Performance is rarely the issue, at least for us. The problem is, when the algorithms don’t work, then what?

A batch size of 1 != an average of larger batch sizes. It’s why the BigGAN paper reports “bigger batches = better FID.”

This proposal gives the advantage of a small batch size (and there are advantages) without sacrificing the option of large batches.

koningrobot · on Jan 31, 2021

You're right what you propose is not quite equivalent to batch size 1, as you don't update the parameters until processing the entire batch.

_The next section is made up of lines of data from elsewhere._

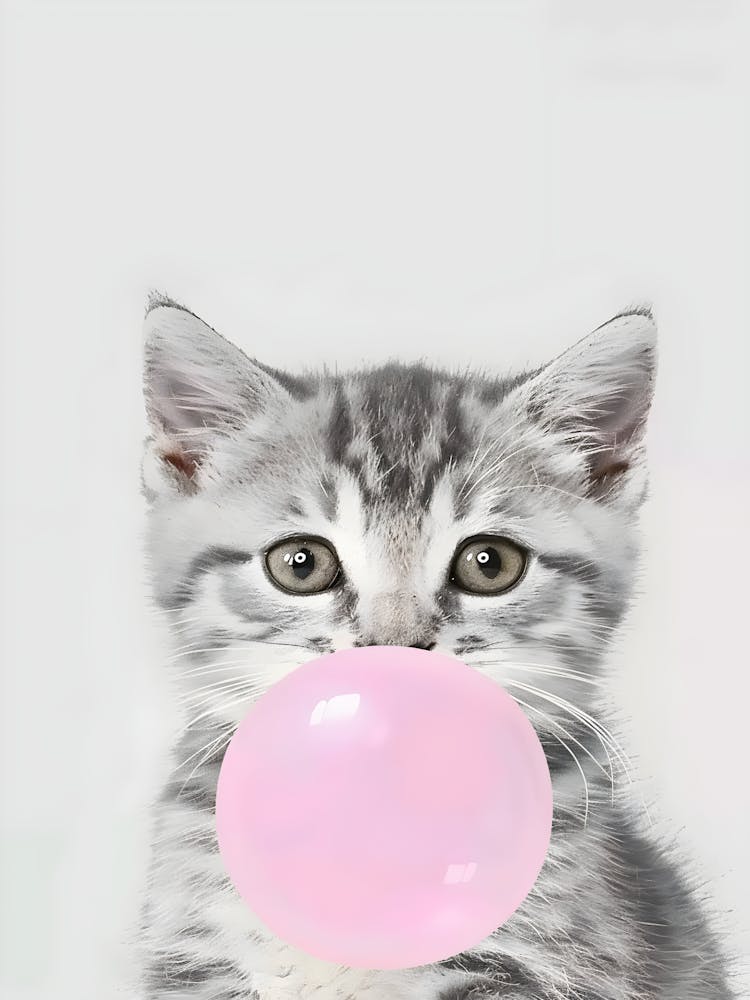 Pink Gumball Kitten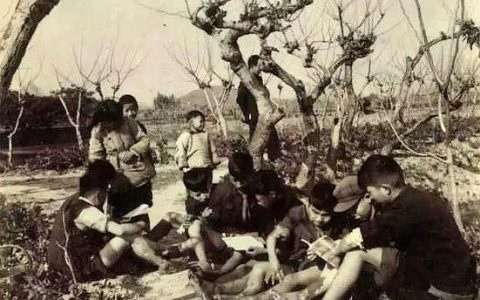 集体的力量来源于什么七下政治（集体的力量是无穷的,只要大家共同努力,总会想到办法的）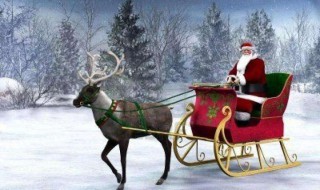 圣诞老人的雪橇是什么动物拉的 圣诞老人一般会将礼物放在哪里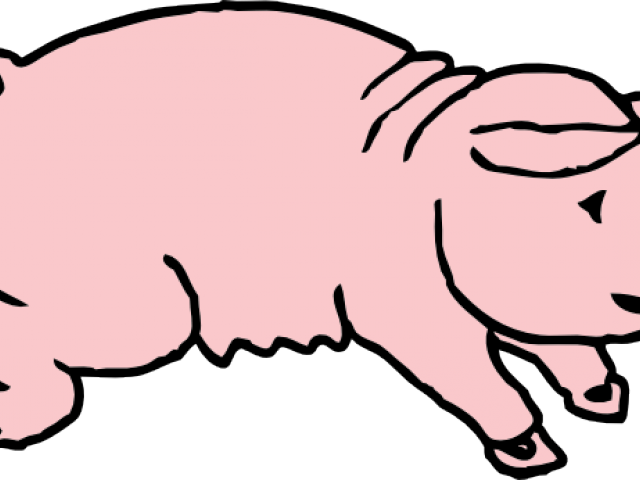 Original - Custom Cartoon Pig Throw Blanket (640x480)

Still, having to process the examples in a batch sequentially seems like a very costly concession to make. Traditionally the reason to use batches has been because GPU-style parallelism makes them cheap. If you take away that reason by making the computation sequential, large batches become much harder to justify. Moreover it's not clear what you gain by making the computation sequential in this way -- do you think Adam actually has trouble keeping up with mean/variance of gradients so it needs more frequent updates? I would be surprised if so.

Eridrus · on Jan 31, 2021

This seems a bit weird to me. You're accumulating statistics in an order dependent way without updating the parameters. You're also doing k updates of the statistics with noisier estimates of the gradient. I'm not really a stats guy, but this doesn't seem like it would provide better estimates of the adam statistics like you suggest. I'm sure this would have some impact, but it doesn't seem like it would be better than tuning the beta hyperparameters to incorporate gradient changes more quickly. But you probably just want to try it if you believe in it, not try to get traction with it in thw HN comments.

mpfundstein · on Jan 30, 2021

maybe you should show with some well designed experiments that your idea improves upon the current practice?